Ele às vezes esquece o capacete de propósito. Mas nesse dia estava usando: faz às vezes de boné que com os óculos escuros, usa para se proteger do sol e esconder um início de calvície. A máscara preta esconde a barba já branca.
O trajeto inicial até o píer corria sem maiores problemas, apesar do vento contrário que diminuía um pouco sua velocidade e pedia mais esforço das suas pernas. Ele havia engordado um pouco e o peso maior sobre as rodas se fazia sentir. O sol estava inclemente, mas ele estava preparado. Já tinha tomado mais de meio litro de água. E planejava tomar uma água de coco na volta.
De repente um grande barulho na avenida, buzinadas histéricas, gritos e xingamentos vinham de uma fila de carros que protestavam contra o motorista já cinquentão do conversível de luxo folgado que parara no meio da pista para esperar uma vaga. O carro, uma Mercedes Cabriolet Classe C de quatro lugares, adesivo com o número 17 no para-choque traseiro e uma loira platinada no banco do passageiro. O guardador de carros tentava em vão acalmar a galera, o cara já vai estacionar… E o cara impassível, ignorando os palavrões, nem uma gota de suor na testa (provavelmente graças a aplicações de botox, que tanto servem para diminuir rugas como eliminar a sudorese).
Ele continua o trajeto e tem que reduzir a velocidade para não atropelar os dois velhos que insistem em caminhar na ciclovia, ignorando o calçadão ao lado. Ambos usam máscaras vagabundas para proteção contra o coronavírus. Ambos usam as máscaras arriadas, sem proteger os narizes grandes, bexiguentos. Ambos do grupo de risco. Conversando alto, risadas, peles bronzeadas, caros tênis de corrida, relógios grandes e chamativos.
Mais adiante é uma criança andando de bicicleta ainda com rodinhas, e o pai ao lado, igualmente sem máscara, tomando quase toda a largura da ciclovia. E ainda olha feio quando ele passa.

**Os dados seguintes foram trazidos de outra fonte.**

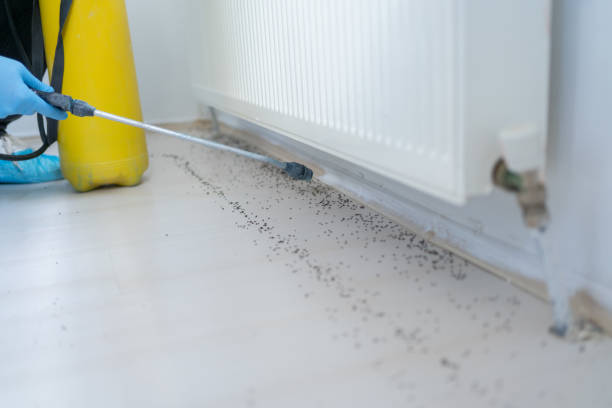Best Mosquito Control Services  in Bonnetsville, NC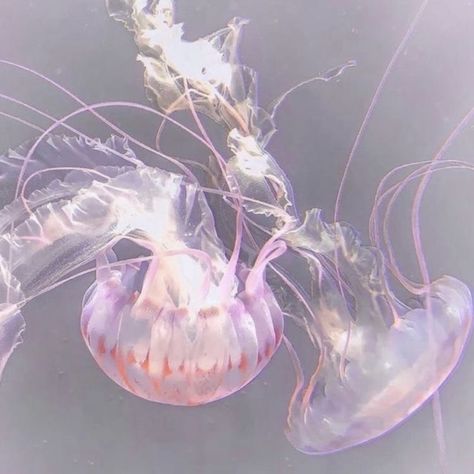 Jellyfish Swimming, Jellyfish Pictures, Sea Jellies, Pink Jellyfish, Princess Jellyfish, Piskel Art, Mermaid Aesthetic, Marine Animals, Ocean Creatures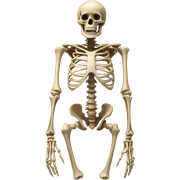 skeleton sticker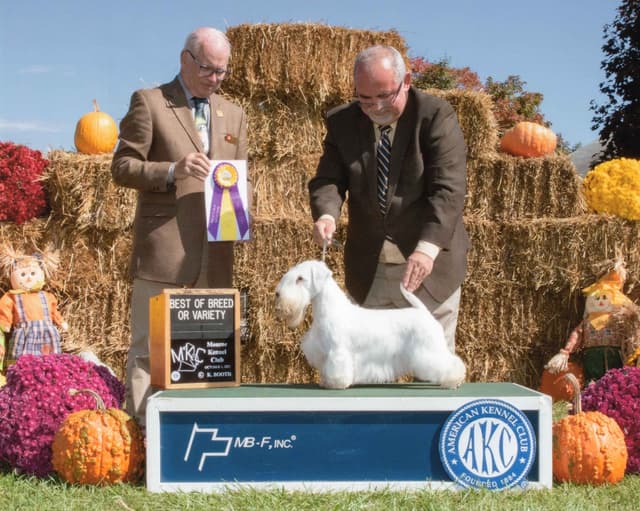 Afterglow Sealyham Terrier Puppies media 14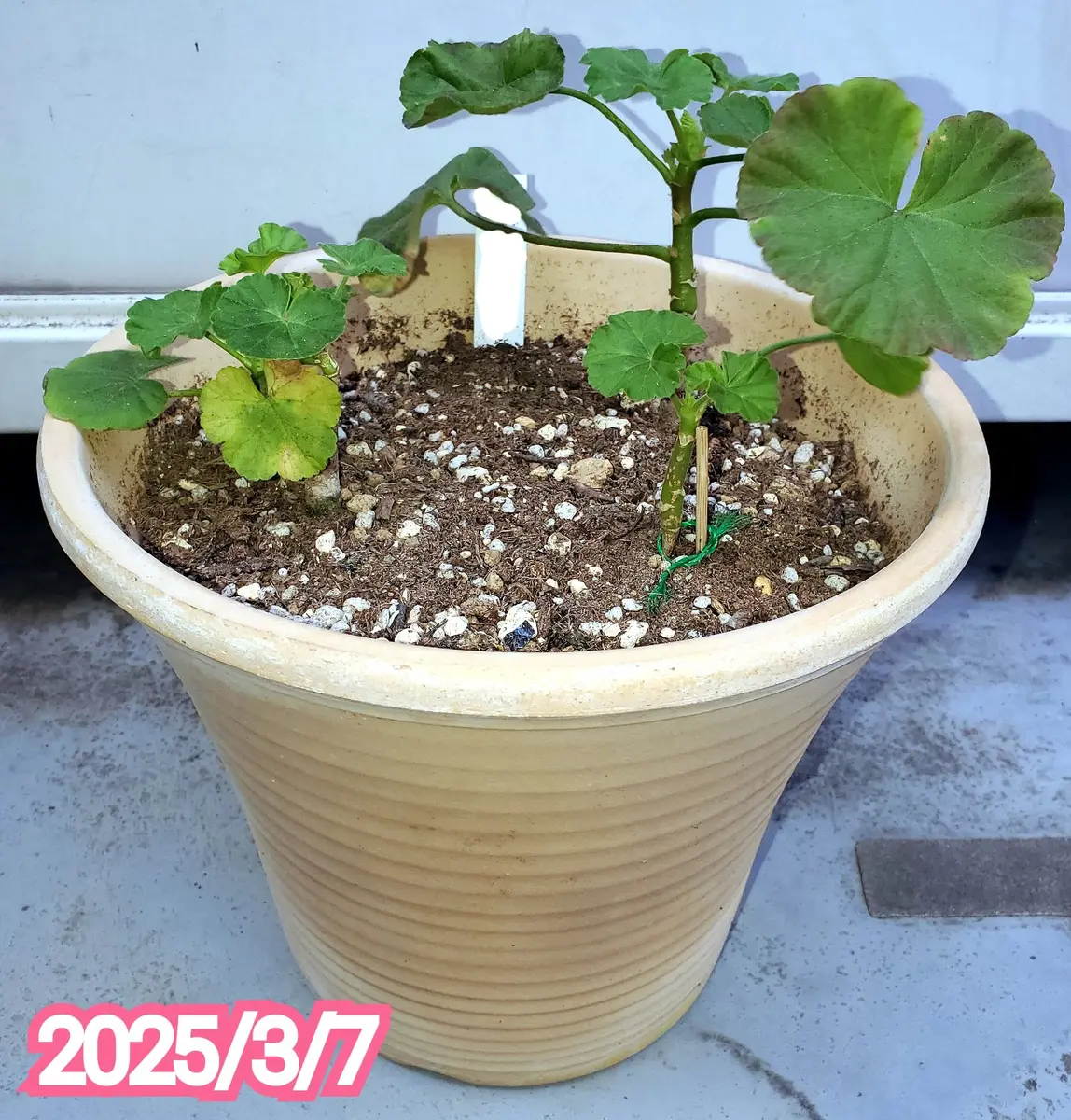 3/7☀️4〜6日まで☔と☃️で観察できず。...「八重咲きアップル 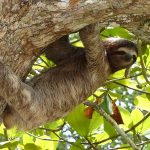 sloth tour rio celeste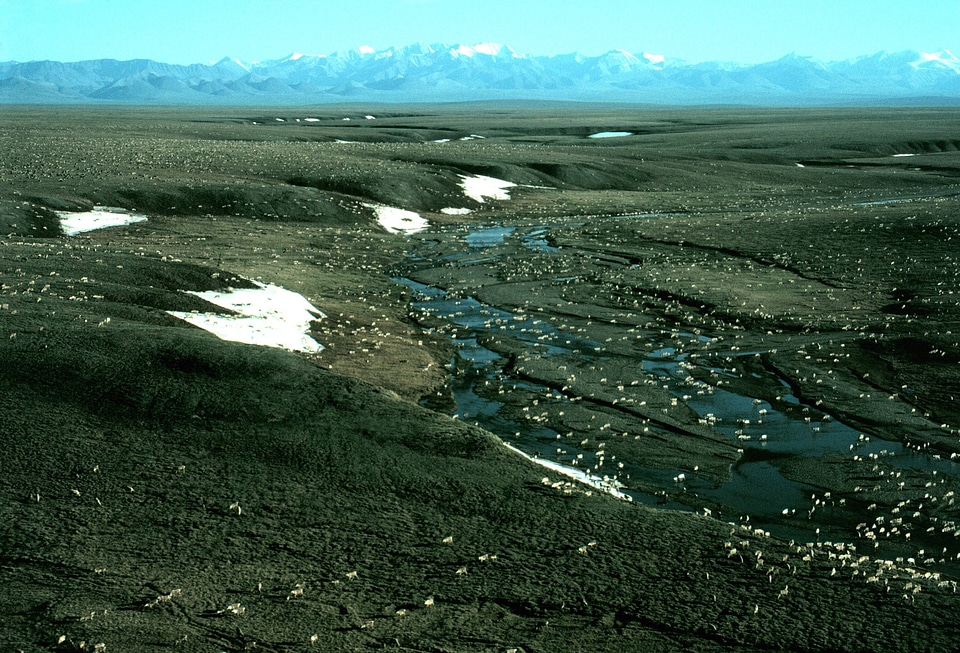 Porcupine Caribou herd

Na areia, famílias começando a se instalar. Apesar das restrições de aglomeração. E os barraqueiros lá oferecendo cadeiras e guarda-sóis. Sem falar dos ambulantes: o moço do mate do latão, o sorveteiro, o biscoito Globo, a vendedora de cangas. Todos tentando diminuir seus prejuízos.
Perto do posto dos bombeiros, dois policiais abordam um adolescente negro. O rapaz, de cabelos descoloridos, só de bermuda de nylon e chinelo não traz documentos. Pensa em parar, mas segue adiante. Não é o primeiro nem será o último abuso policial nas praias cariocas.
Quando então ele a enxerga distante, vindo em sua direção. Máscara florida. Óculos escuros. Cabelos soltos ao vento. Camiseta regata branca e shorts jeans desfiados. Fones de ouvido sem fio. A bicicleta dela tem uma cestinha de vime na frente onde um buquê de flores do campo divide espaço com uma sacola de compras. Chama atenção por onde passa. Pedestres viram para admirá-la. Ciclistas diminuem as pedaladas. Parece até protagonista de comercial de absorvente.
Ela vem se aproximando. Ele se prepara para cruzar olhares com ela. Antecipa mentalmente o momento, quase ensaiando sua melhor cara. Dez metros. Oito metros. Sete. Seis. Cinco. Quatro. Três. Quando vem a voz alta grossa, do quiosque ao lado, sotaque carioca carregado: – Alberto, há quanto tempo?! Como vai você, a Marialice, as crianças?
Ela passa por ele e não consegue esconder uma gostosa risada…

Hahaha
Adorei. Exatamente assim.
A riqueza de detalhes desse texto, impressiona, teletransporta // me levou pra casa …
Puxa, que legal… era essa a intenção! FIco feliz.